◆ TASK GOAL
From the first line of the material below through the line containing "SunWarrior Collagen Building", print every line exactly as it stands, but no pictures.

##### GIVEN INFORMATION #####

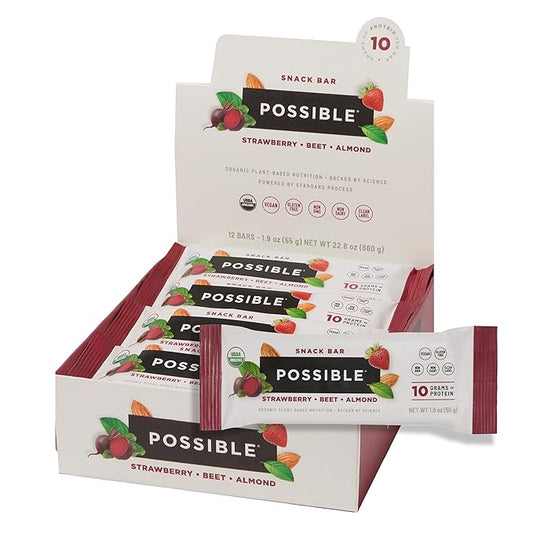 POSSIBLE Snack Bar - Organic Energy Bars with 10g of Plant-Based Protein - Vegan, Gluten-Free, Non-Dairy, USDA Organic - Healthy Fats - Clean Label - 1 Box, 12 Servings - Strawberry Beet Almond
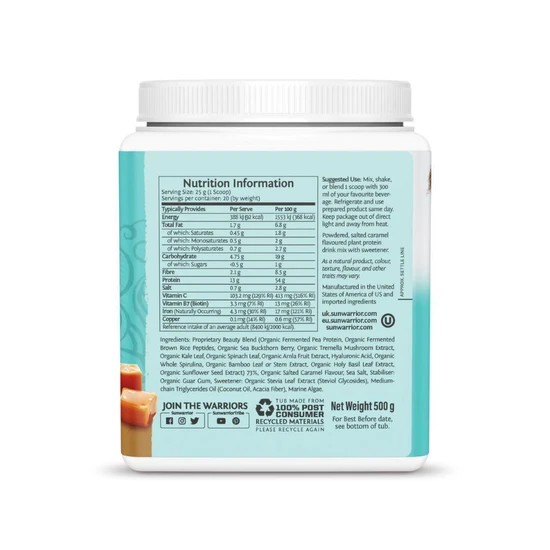 SunWarrior Collagen Building Protein Peptides Salted Caramel 500g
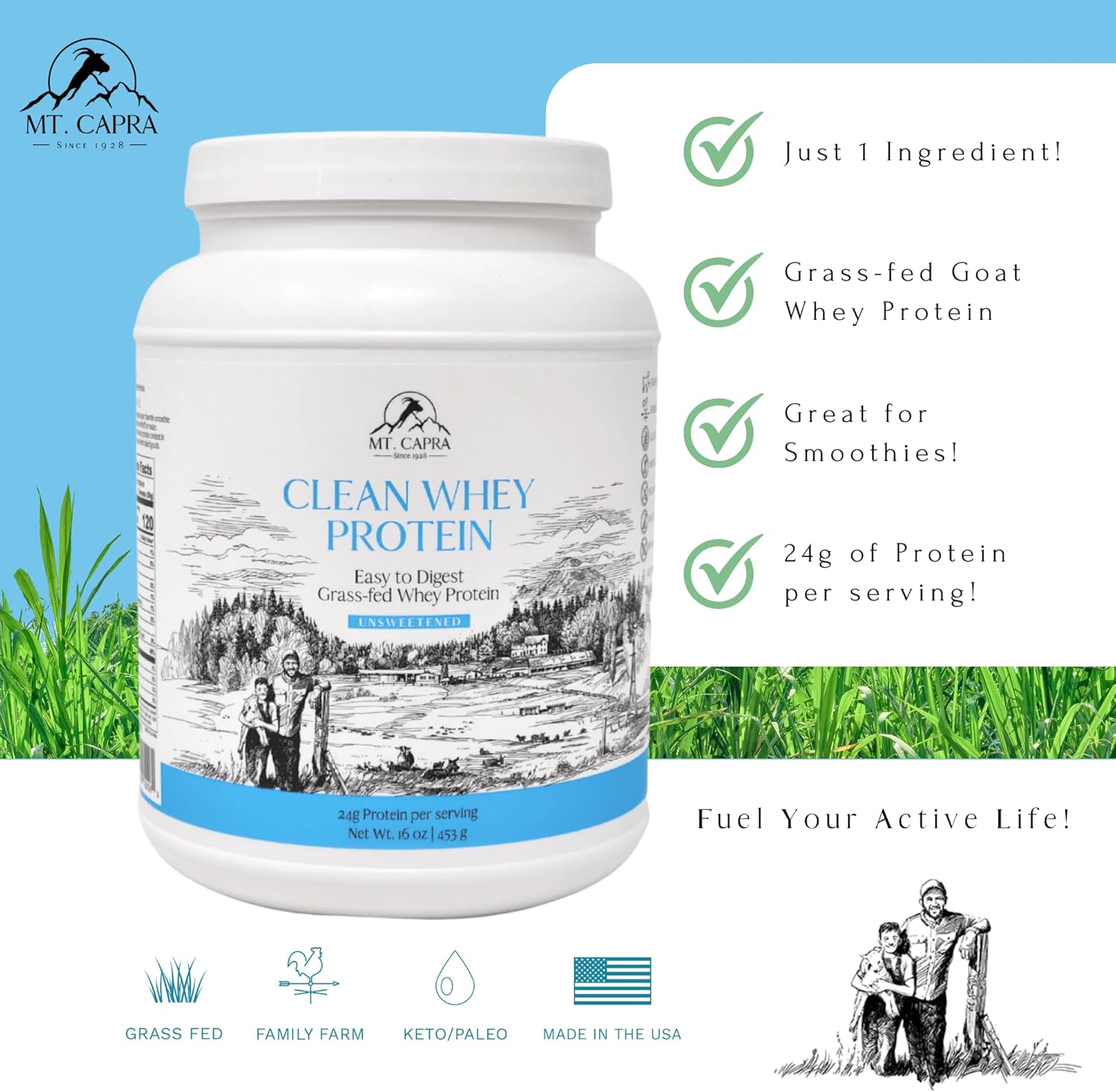 Clean Grass-Fed Goat Whey Protein Powder | High Protein, All Natural, Non-GMO | Undenatured, Unsweetened | 15 Servings - 16 oz
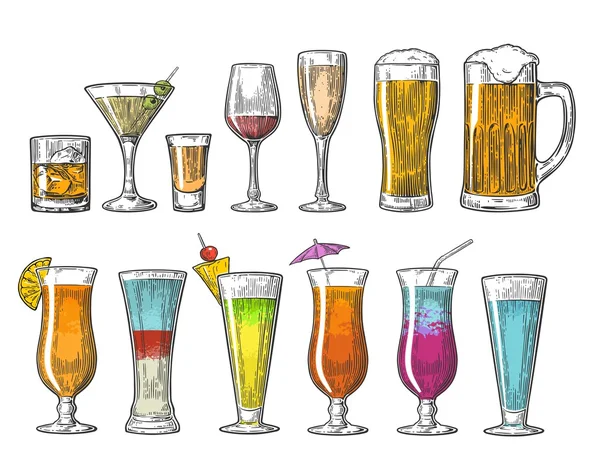 Set vaso cerveza whisky vino tequila coñac champán cócteles. Ilustración de grabado vectorial vintage para web, póster, menú, invitación a la fiesta de verano en la playa. Aislado sobre fondo blanco — Archivo Imágenes Vectoriales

#####

◆ WRITTEN RESPONSE
 POSSIBLE Snack Bar - Organic Energy Bars with 10g of Plant-Based Protein - Vegan, Gluten-Free, Non-Dairy, USDA Organic - Healthy Fats - Clean Label - 1 Box, 12 Servings - Strawberry Beet Almond
 SunWarrior Collagen Building Protein Peptides Salted Caramel 500g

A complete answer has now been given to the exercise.